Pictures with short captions
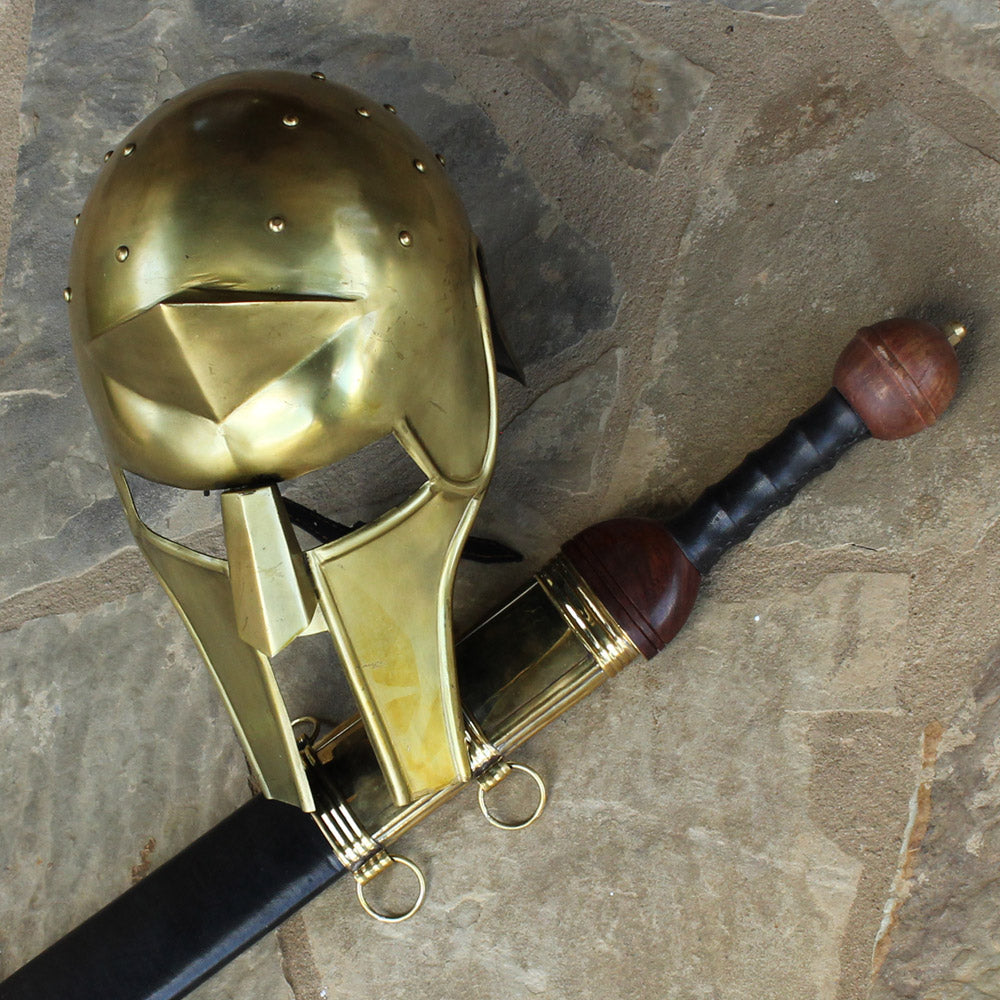 Roman Gladiator Arena Brass Spike Helmet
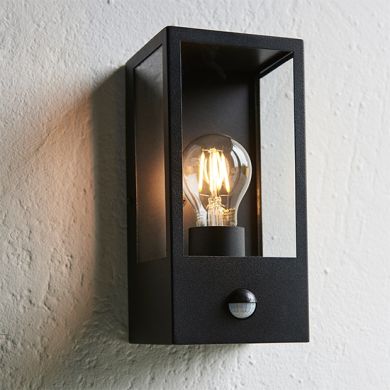 Oxford Clear Bevelled Edge Glass Panels Pir Wall Light In Matt Black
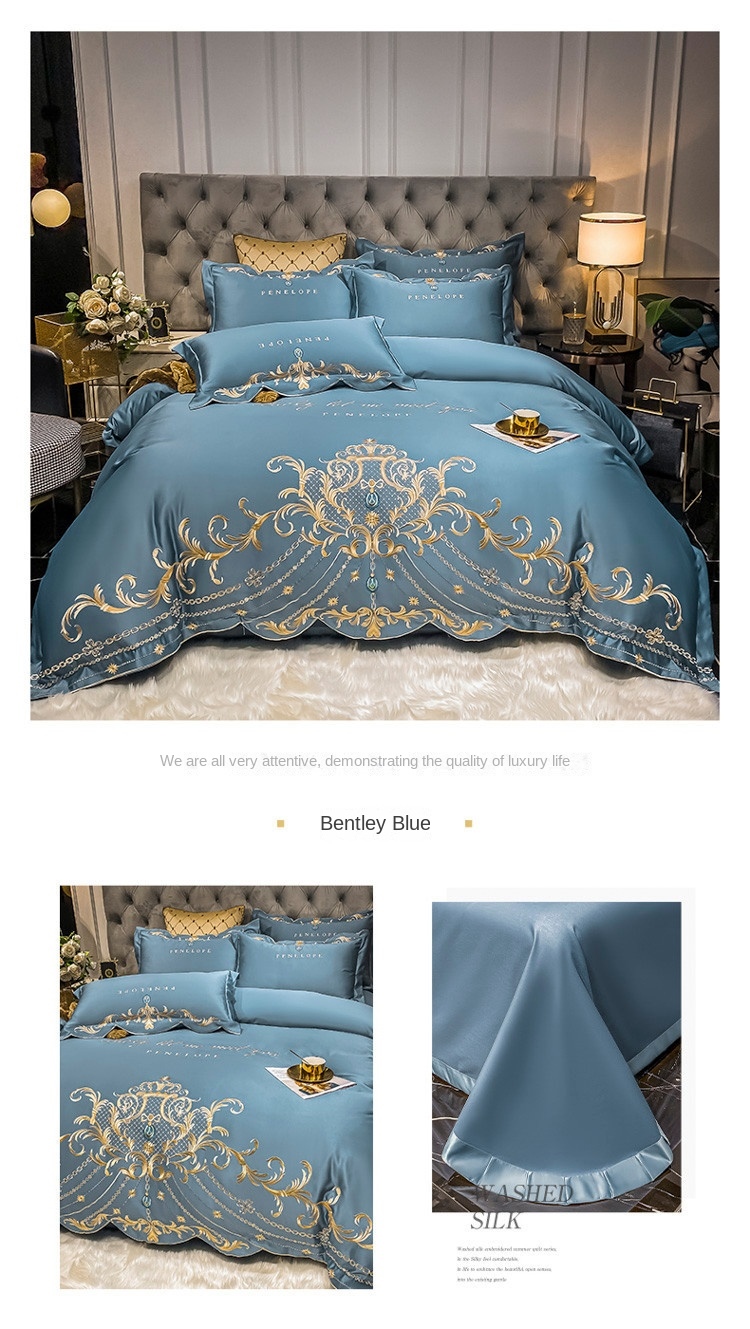 ◇ Liaozhe Set lenzuolo in cotone con ricamo di alta gamma in stile europeo e copripiumino montato in Tencel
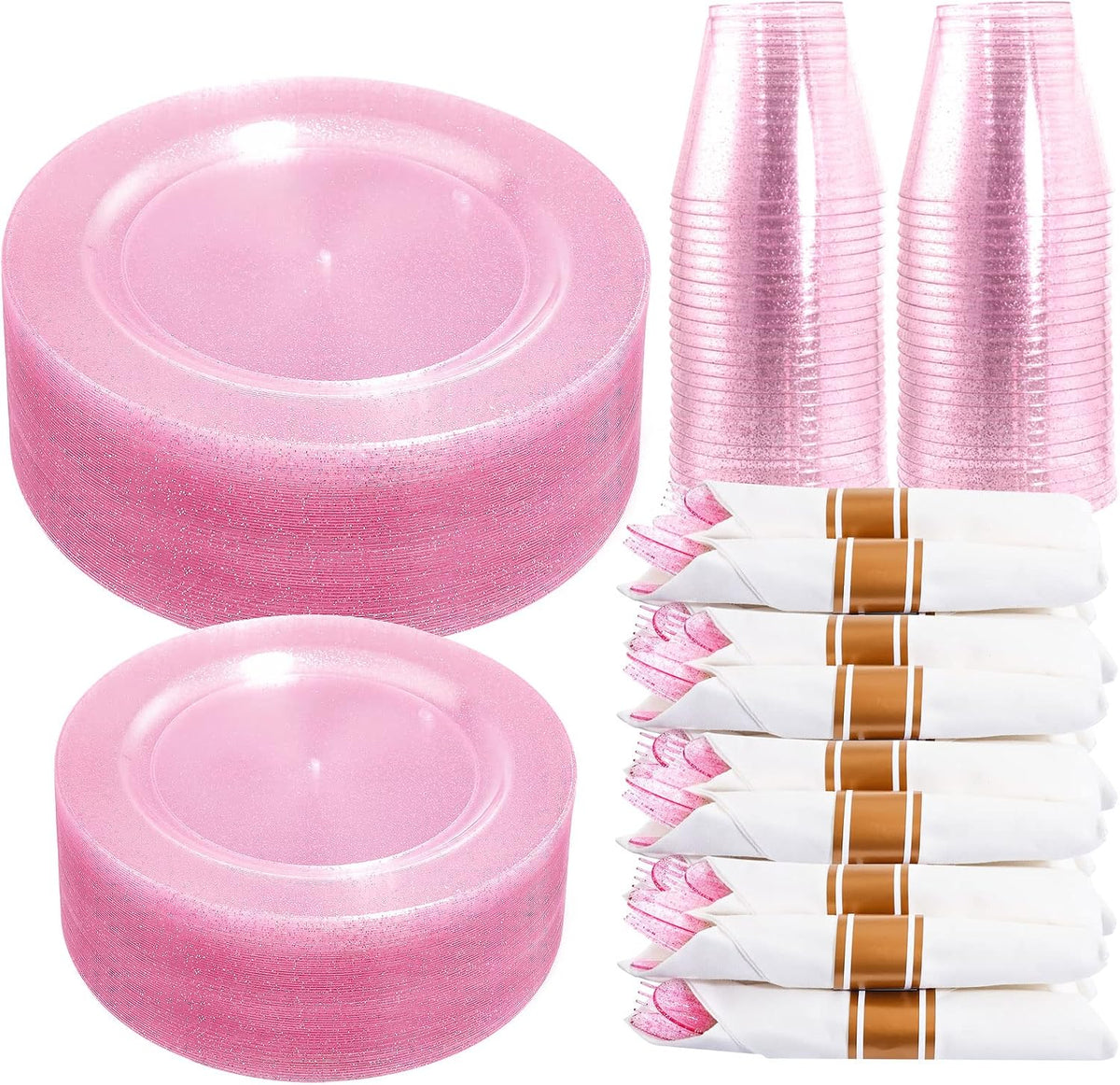 DaYammi 350PCS Rose Gold Glitter Plastic Dinnerware Set for 50 Guests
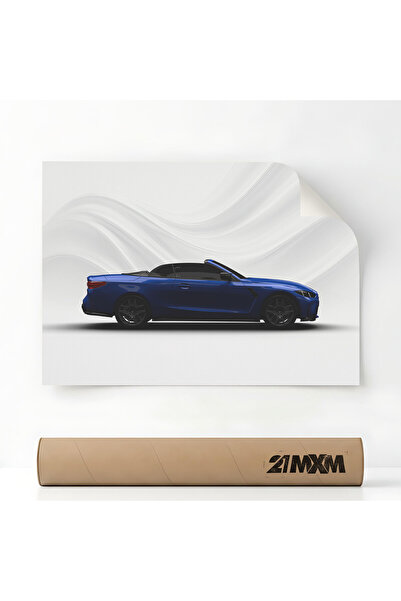 21mxm Poster Auto Premium - 1746 M4 Cabriolet 2025 G83 Albastru – Minimalist,...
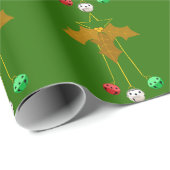Gouden krans en Jingle Bells Green Wrapping Paper Cadeaupapier (Rol Hoek)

*TASK PROMPT*. Could you transcribe the records above exactly, leaving out any pictures?

*FINAL ANSWER*.
 Roman Gladiator Arena Brass Spike Helmet
 Oxford Clear Bevelled Edge Glass Panels Pir Wall Light In Matt Black
 ◇ Liaozhe Set lenzuolo in cotone con ricamo di alta gamma in stile europeo e copripiumino montato in Tencel
 DaYammi 350PCS Rose Gold Glitter Plastic Dinnerware Set for 50 Guests
 21mxm Poster Auto Premium - 1746 M4 Cabriolet 2025 G83 Albastru – Minimalist,...
Gouden krans en Jingle Bells Green Wrapping Paper Cadeaupapier (Rol Hoek)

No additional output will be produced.